**Prompt**
Lines from the beginning of the data through the line containing "Hi everybody, welcome" are to be copied exactly, with no other line included.

**Information shown**
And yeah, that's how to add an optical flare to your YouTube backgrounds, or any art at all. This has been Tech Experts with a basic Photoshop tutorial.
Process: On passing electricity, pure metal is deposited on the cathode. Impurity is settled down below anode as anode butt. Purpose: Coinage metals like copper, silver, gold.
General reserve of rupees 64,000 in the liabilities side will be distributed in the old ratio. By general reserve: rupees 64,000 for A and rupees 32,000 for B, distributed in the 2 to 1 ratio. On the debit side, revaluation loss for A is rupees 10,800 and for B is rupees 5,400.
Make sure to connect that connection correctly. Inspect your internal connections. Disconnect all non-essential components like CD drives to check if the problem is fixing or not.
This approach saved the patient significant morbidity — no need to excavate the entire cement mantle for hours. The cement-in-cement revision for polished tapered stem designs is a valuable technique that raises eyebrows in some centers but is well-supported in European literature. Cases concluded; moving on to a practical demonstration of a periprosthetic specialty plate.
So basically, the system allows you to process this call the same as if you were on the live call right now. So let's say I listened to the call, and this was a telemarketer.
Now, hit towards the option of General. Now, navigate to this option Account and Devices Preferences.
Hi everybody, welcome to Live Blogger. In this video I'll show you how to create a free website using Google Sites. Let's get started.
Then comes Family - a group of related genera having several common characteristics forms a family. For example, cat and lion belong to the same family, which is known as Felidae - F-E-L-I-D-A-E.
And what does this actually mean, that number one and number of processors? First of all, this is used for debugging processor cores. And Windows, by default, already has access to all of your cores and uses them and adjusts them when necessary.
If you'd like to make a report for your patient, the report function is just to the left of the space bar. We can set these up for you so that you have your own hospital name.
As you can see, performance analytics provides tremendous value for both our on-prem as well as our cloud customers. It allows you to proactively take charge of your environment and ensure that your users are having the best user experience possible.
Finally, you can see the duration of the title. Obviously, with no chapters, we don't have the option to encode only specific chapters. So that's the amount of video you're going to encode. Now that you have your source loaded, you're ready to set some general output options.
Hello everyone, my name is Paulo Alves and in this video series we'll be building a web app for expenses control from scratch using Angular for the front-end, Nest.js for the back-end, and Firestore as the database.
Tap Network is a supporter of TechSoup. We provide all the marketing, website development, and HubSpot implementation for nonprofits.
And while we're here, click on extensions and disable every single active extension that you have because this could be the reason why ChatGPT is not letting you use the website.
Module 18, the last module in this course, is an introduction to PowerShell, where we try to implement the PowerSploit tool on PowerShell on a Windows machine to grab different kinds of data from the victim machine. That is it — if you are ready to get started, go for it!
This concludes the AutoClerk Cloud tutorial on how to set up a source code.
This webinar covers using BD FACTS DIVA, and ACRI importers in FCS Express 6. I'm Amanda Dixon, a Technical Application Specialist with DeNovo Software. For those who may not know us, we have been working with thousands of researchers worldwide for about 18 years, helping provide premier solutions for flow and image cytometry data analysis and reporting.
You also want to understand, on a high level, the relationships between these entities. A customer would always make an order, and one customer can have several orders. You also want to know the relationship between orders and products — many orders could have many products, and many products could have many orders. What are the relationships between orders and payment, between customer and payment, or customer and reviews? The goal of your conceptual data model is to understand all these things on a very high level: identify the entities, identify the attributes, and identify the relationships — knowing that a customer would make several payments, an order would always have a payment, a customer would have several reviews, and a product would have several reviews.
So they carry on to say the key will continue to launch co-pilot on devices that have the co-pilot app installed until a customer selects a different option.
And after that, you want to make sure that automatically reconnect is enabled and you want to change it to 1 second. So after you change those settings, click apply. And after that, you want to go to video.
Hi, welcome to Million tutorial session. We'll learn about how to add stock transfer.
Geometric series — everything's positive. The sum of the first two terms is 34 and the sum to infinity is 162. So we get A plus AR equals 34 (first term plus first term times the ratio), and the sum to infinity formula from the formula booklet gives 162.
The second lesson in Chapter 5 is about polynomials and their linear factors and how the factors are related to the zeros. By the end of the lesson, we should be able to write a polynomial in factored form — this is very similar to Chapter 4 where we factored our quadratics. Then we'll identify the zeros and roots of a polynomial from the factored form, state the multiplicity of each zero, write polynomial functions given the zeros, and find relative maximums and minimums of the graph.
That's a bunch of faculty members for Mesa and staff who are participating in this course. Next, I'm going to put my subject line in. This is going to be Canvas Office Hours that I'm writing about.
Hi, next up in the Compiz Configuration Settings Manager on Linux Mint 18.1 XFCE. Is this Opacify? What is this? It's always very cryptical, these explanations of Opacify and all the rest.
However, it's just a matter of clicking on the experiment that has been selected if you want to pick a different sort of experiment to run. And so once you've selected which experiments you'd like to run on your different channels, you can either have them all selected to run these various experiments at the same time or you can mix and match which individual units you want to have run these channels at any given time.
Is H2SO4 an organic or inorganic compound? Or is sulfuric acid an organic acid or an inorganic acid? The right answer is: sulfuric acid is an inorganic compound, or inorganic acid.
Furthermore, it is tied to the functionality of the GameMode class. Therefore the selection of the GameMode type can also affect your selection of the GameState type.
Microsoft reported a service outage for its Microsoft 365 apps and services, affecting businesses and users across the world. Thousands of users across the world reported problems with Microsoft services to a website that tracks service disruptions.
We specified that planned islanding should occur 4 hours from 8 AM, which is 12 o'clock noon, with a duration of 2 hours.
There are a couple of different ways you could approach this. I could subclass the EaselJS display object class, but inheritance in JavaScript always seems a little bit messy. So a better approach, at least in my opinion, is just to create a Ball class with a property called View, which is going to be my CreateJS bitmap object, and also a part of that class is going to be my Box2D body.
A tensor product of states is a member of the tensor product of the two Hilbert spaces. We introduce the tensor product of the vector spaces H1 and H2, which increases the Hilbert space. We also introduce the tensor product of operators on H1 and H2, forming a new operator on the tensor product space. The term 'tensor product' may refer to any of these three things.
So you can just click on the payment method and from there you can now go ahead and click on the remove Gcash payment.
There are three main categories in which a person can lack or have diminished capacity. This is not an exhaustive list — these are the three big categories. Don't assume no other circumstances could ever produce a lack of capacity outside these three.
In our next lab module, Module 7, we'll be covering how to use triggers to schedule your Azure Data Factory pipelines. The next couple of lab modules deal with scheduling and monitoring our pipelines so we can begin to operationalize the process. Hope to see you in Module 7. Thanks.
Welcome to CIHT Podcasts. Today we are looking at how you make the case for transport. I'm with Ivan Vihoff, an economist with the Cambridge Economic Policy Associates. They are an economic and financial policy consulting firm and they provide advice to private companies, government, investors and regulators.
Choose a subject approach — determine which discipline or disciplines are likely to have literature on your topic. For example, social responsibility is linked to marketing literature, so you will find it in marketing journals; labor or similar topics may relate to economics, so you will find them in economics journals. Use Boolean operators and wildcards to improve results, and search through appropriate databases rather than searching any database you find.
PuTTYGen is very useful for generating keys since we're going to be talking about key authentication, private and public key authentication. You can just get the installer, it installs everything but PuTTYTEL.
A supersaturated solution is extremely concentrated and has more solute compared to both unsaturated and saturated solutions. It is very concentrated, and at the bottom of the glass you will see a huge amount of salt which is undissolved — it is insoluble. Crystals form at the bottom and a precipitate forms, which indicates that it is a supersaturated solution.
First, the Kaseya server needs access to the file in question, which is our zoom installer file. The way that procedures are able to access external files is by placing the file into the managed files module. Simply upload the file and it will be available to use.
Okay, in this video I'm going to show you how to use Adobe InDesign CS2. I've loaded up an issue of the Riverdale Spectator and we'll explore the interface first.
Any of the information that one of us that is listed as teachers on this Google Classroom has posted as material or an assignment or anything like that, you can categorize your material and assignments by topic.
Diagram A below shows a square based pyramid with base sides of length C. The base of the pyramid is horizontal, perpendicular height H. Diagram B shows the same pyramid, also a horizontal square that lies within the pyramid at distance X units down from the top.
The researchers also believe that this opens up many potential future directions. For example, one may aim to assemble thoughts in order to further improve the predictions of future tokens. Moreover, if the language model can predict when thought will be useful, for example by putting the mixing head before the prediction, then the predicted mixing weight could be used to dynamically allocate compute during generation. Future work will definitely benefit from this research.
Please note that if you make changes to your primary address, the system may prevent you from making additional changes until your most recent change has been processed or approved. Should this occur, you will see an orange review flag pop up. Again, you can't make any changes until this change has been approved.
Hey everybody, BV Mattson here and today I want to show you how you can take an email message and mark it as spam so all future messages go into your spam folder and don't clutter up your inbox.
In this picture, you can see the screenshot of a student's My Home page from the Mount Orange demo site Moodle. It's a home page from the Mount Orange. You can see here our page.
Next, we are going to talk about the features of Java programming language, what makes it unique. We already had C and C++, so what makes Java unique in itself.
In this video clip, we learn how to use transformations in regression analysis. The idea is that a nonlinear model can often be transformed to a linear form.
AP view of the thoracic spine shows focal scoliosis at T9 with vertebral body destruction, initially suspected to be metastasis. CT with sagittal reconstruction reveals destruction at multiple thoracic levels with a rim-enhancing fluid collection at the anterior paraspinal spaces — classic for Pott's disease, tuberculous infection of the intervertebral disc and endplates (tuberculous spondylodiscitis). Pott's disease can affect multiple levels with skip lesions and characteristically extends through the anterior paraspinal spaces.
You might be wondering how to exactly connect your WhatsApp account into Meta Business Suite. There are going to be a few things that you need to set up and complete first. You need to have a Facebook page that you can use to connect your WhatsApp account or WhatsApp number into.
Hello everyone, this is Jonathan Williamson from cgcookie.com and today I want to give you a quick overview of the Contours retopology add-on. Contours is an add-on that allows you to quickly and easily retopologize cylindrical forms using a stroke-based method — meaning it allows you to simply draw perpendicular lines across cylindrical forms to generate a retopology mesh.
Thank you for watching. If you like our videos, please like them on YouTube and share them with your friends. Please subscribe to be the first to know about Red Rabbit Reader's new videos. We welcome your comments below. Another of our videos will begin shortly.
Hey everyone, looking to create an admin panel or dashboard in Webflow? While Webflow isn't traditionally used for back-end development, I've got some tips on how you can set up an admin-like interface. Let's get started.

**Answer to the problem**
And yeah, that's how to add an optical flare to your YouTube backgrounds, or any art at all. This has been Tech Experts with a basic Photoshop tutorial.
Process: On passing electricity, pure metal is deposited on the cathode. Impurity is settled down below anode as anode butt. Purpose: Coinage metals like copper, silver, gold.
General reserve of rupees 64,000 in the liabilities side will be distributed in the old ratio. By general reserve: rupees 64,000 for A and rupees 32,000 for B, distributed in the 2 to 1 ratio. On the debit side, revaluation loss for A is rupees 10,800 and for B is rupees 5,400.
Make sure to connect that connection correctly. Inspect your internal connections. Disconnect all non-essential components like CD drives to check if the problem is fixing or not.
This approach saved the patient significant morbidity — no need to excavate the entire cement mantle for hours. The cement-in-cement revision for polished tapered stem designs is a valuable technique that raises eyebrows in some centers but is well-supported in European literature. Cases concluded; moving on to a practical demonstration of a periprosthetic specialty plate.
So basically, the system allows you to process this call the same as if you were on the live call right now. So let's say I listened to the call, and this was a telemarketer.
Now, hit towards the option of General. Now, navigate to this option Account and Devices Preferences.
Hi everybody, welcome to Live Blogger. In this video I'll show you how to create a free website using Google Sites. Let's get started.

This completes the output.